Last night things did not go well for Trump and the GOP on the season premier of 60 Minutes. Worse, performance wise, than even the repeat whitewashing of Crown Prince Mohammed bin Salman was House Minority Leader Kevin McCarthy's refusal to answer basic questions about the telephone conversation between Trump and Zelensky, the transcript of which was published last week.
The Republican Party appears to be shakily lining up behind the president with a "see no evil" defense, leaving it to the president himself to throw the haymakers. According to Sheryl Gay Stolberg, Maggie Haberman and Peter Baker in "Trump Was Repeatedly Warned That Ukraine Conspiracy Theory Was ‘Completely Debunked’":
Mr. Trump continued his bellicose attacks on his accusers. “I want Schiff questioned at the highest level for Fraud & Treason,” he wrote on Twitter. And he threatened the whistle-blower, who is protected by law from retribution. “Was this person SPYING on the U.S. President? Big Consequences!”
[snip]
The White House put out Stephen Miller, the president’s senior adviser, to offer his defense on the Sunday talk show circuit. Appearing on “Fox News Sunday,” Mr. Miller denounced the whistle-blower as a “deep-state operative” who is part of a cabal of “unelected bureaucrats who think they need to take down this president.”Patrick Martin noted that
Trump took to Twitter Saturday morning to denounce his Democratic opponents as “savages,” listing by name Adam Schiff and Jerrold Nadler, chair of the Judiciary Committee, and “AOC Plus 3,” a reference to four liberal Democratic congresswomen, all from minority backgrounds: Alexandria Ocasio-Cortez, Ilhan Omar, Rashida Tlaib and Ayanna Pressley.

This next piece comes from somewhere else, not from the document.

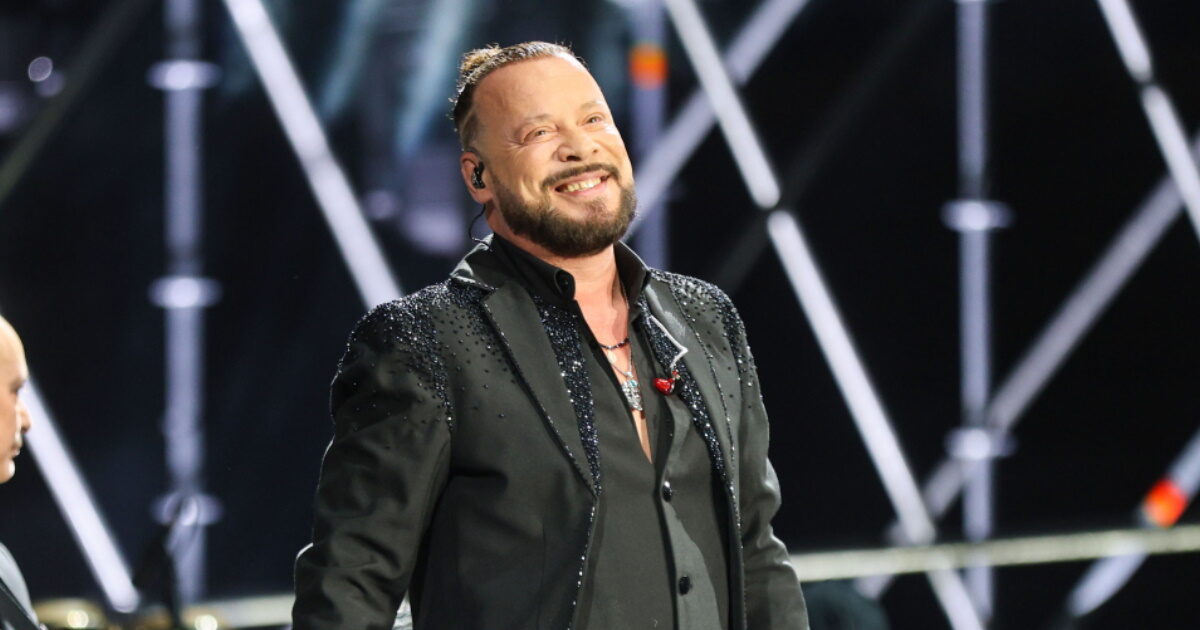 Χρήστος Δάντης: Ξανά στο νοσοκομείο ο τραγουδιστής – Το βίντεο που δημοσίευσε η σύντροφός του, Ασημίνα Χατζηανδρέου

It was widely noted in the media that Trump had chosen to target two Jews and four women of color as “savages,” a word with longstanding racist connotations that he has generally reserved for Central American gang leaders. His tweets will undoubtedly be followed by a new volley of threats of violence from Trump’s ultra-right supporters directed against the targeted Democrats.This week the American public is about to enter the maze of Ukrainian politics. I'll be surprised if Schiff can maintain a coherent focus (see "How a Shadow Foreign Policy in Ukraine Prompted an Impeachment Inquiry" by Kenneth Vogel, Andrw Kramer and David Sanger):
Among the subjects covered in a subpoena sent Friday by House Democrats to Secretary of State Mike Pompeo and demands for depositions from American diplomats was Mr. Trump’s decision to freeze a $391 million military aid package to Ukraine this summer not long before his July 25 call with Ukraine’s new president, Volodymyr Zelensky, who defeated Mr. Poroshenko this spring.
Democrats are also looking into the recall in the spring of the United States ambassador to Kiev, Marie L. Yovanovitch, a career foreign service officer who was seen as insufficiently loyal to Mr. Trump by some of his conservative allies. On Friday evening, the State Department’s special envoy for Ukraine, Kurt Volker, abruptly resigned, not long after receiving a summons from House Democrats to sit for a deposition in the coming week.So far, so good. At the end of this both Trump and the permanent Washington Consensus are going to be weakened.